Nous vous en avions déjà parlé lors de la sortie de Rover, son précédent album self entitled, salué unanimement par la presse spécialisée, et nous vous en parlons donc à nouveau aujourd’hui puisque Let It Glow vient de pointer son sillon en ce début de mois. L’homme errant derrière Rover (d’où le errant…) est français : Timothée Régnier  A 36 ans,  il est un auteur compositeur et interprète multi instrumentiste. Il a d’ailleurs, excepté pour la batterie, encore tenu tous les instruments sur ce dernier album enregistré tout en analogique. Sa particularité est sa voix : aussi bien à l’aise dans les aiguës que dans les graves, et, il se permet de sortir ainsi de la ribambelle de voix préformatées que l’on entend trop souvent. Lorsque l’on écoute Let It Glow, je ne peux m’empêcher de penser aux artistes qui m’ont bercé : Les Beatles, Bowie et bien d’autres encore. Et tout cela sans pour autant en entendre une vulgaire copie carbone. Non, ici, les influences se sentent mais ne se voient pas. les orchestrations font très années 70, mêlant piano, arrangements classiques, qui ajoutent au romantisme de l’ensemble, guitares parfois un poil psychédéliques, et quelques nappes de clavier… Rover est un artiste à part entière et j’avoue sans détour qu’il fait partie de ceux qui comptent à mes yeux actuellement dans le paysage français.

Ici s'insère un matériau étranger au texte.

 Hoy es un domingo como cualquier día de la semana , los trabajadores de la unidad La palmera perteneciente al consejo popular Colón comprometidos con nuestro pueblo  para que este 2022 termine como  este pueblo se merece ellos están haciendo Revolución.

Dix titres qui s’enchaînent très bien à l’écoute, un album cohérent, ample et inspiré qui sait créer la surprise de l’auditeur. Que demander de plus ?

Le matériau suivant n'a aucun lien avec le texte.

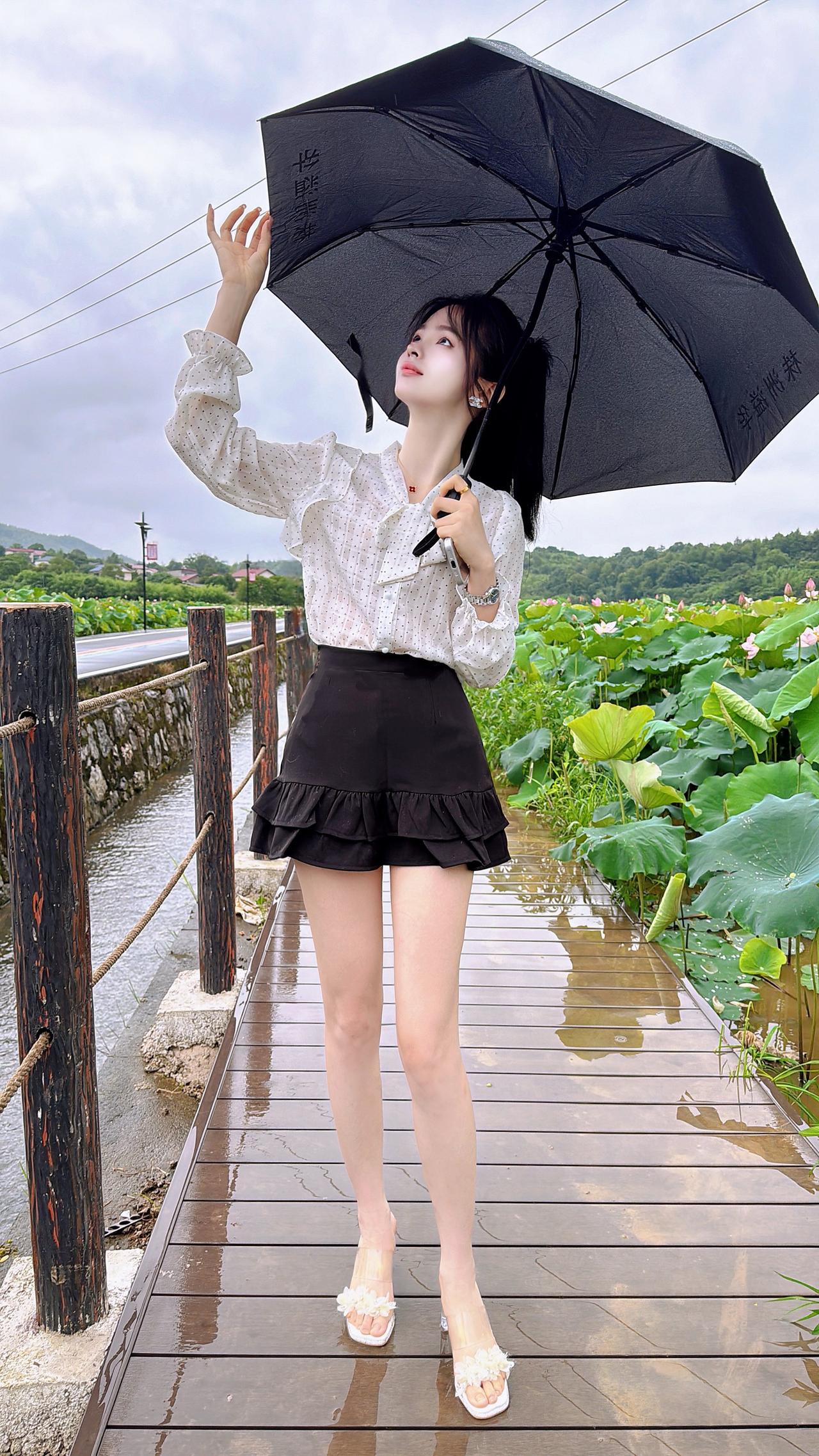 入了心的人，见与不见都会想念.这一生最无奈的事情，大概就是，遇见了很喜欢的人，却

On ne présente peut-être plus Bill Ryder-Jones dans certains cercles mais il me semble important de retracer ici un peu le trajet du monsieur. Outre ses collaborations avec des gens comme Graham Coxon, Arctic Monkeys ou Last Shadow Puppets, Bill est l’ex guitariste du groupe The Coral, branché indie voir folk psychédélique, dans les années 2000. Il avait entamé une carrière solo en sortant un petit Ep en 2011 puis avait enchaîné directement sur un projet imposant en s’attaquant à mettre en musique une nouvel de l’auteur cubain Italo Calvino : If on a Winters Night a Traveler. Mais ce fut un coup de maître. Le talent du bonhomme n’est donc plus à démontrer et l’on attendait avec une certaine impatience ce qu’il allait sortir de son chapeau ensuite. A Bad Wind Blows in My Heart, sorti en 2013, est plus traditionnel, assez folk dans ses choix et quand bien même l’album était de qualité, je ne m’y suis pas attardé plus que ça. Et puis, le 6 novembre est sorti West Kirby County Primary. Et là, on tient un album résolument plus alternatif, plus rugueux. Musicalement et vocalement d’ailleurs. C’est un album de tournée (ce qu’il a prévu par conséquent), et l’on ne lui en voudra pas d’avoir jeté aux orties l’album initialement prévu, dans lequel il s’était un peu perdu, pour repartir de zéro et nous pondre celui-ci, que je vous conseille vivement. Et si après écoute vous ne le voulez pas, vous n’aurez qu’à me l’envoyer…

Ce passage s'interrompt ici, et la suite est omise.